JAKARTA, BACAPESAN.FAJAR.CO.ID- Komisi Pengawas Persaingan Usaha (KPPU) memberikan putusan terhadap perkara penjualan minyak goreng kemasan di Indonesia yang sempat menyebabkan kelangkaan di berbagai daerah.
Perkara tersebut tertuang dalam Putusan Nomor 15/KPPU-I/2022 tentang Dugaan Pelanggaran Pasal 5 dan Pasal 19 Huruf c dalam Penjualan Minyak Goreng Kemasan di Indonesia tanggal 26 Mei 2023 di Kantor Pusat KPPU Jakarta.
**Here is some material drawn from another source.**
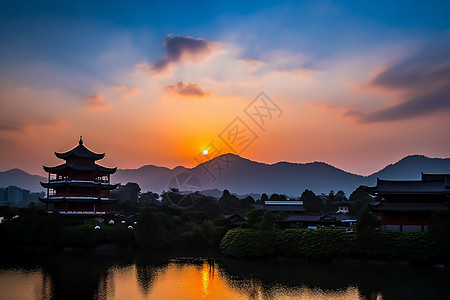 夜色下的宝塔建筑景观图片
Dalam Putusannya, Majelis Komisi menyatakan bahwa ke-27 Terlapor dalam perkara tidak terbukti melanggar pasal 5 (terkait penetapan harga). Namun Majelis Komisi memutuskan bahwa 7 (tujuh) Terlapor, yakni Terlapor I, Terlapor II, Terlapor V, Terlapor XVIII, Terlapor XX, Terlapor XXIII dan Terlapor XXIV secara sah dan meyakinkan terbukti melanggar Pasal 19 huruf c (terkait pembatasan peredaran/penjualan barang).
Atas pelanggaran di atas, KPPU menjatuhkan besaran sanksi denda yang beragam kepada 7 (tujuh) Terlapor tersebut, dengan total denda yang mencapai Rp71.280.000.000 (tujuh puluh satu miliar dua ratus delapan puluh juta rupiah).
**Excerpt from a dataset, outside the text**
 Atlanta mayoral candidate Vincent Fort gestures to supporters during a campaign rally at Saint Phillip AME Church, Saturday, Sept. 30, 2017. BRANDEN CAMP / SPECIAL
Para Terlapor juga diduga melakukan pelanggaran Pasal 19 huruf c UU Nomor 5 Tahun 1999 pada periode bulan Januari 2022 sampai dengan bulan Mei 2022 dalam penjualan minyak goreng kemasan di Indonesia. Kasus bergulir hingga proses Pemeriksaan oleh Majelis Komisi.
Pemeriksaan Pendahuluan atas perkara ini dilakukan Majelis Komisi sejak tanggal 20 Oktober 2022 dan dilanjutkan dengan Pemeriksaan Lanjutan sejak tanggal 25 November 2022, serta perpanjangan Pemeriksaan Lanjutan hingga tanggal 4 April 2023.
Dalam Putusannya, Majelis Komisi menjelaskan bahwa pasar bersangkutan dalam perkara a quo adalah penjualan minyak goreng kemasan dengan bahan baku kelapa sawit di seluruh wilayah Indonesia.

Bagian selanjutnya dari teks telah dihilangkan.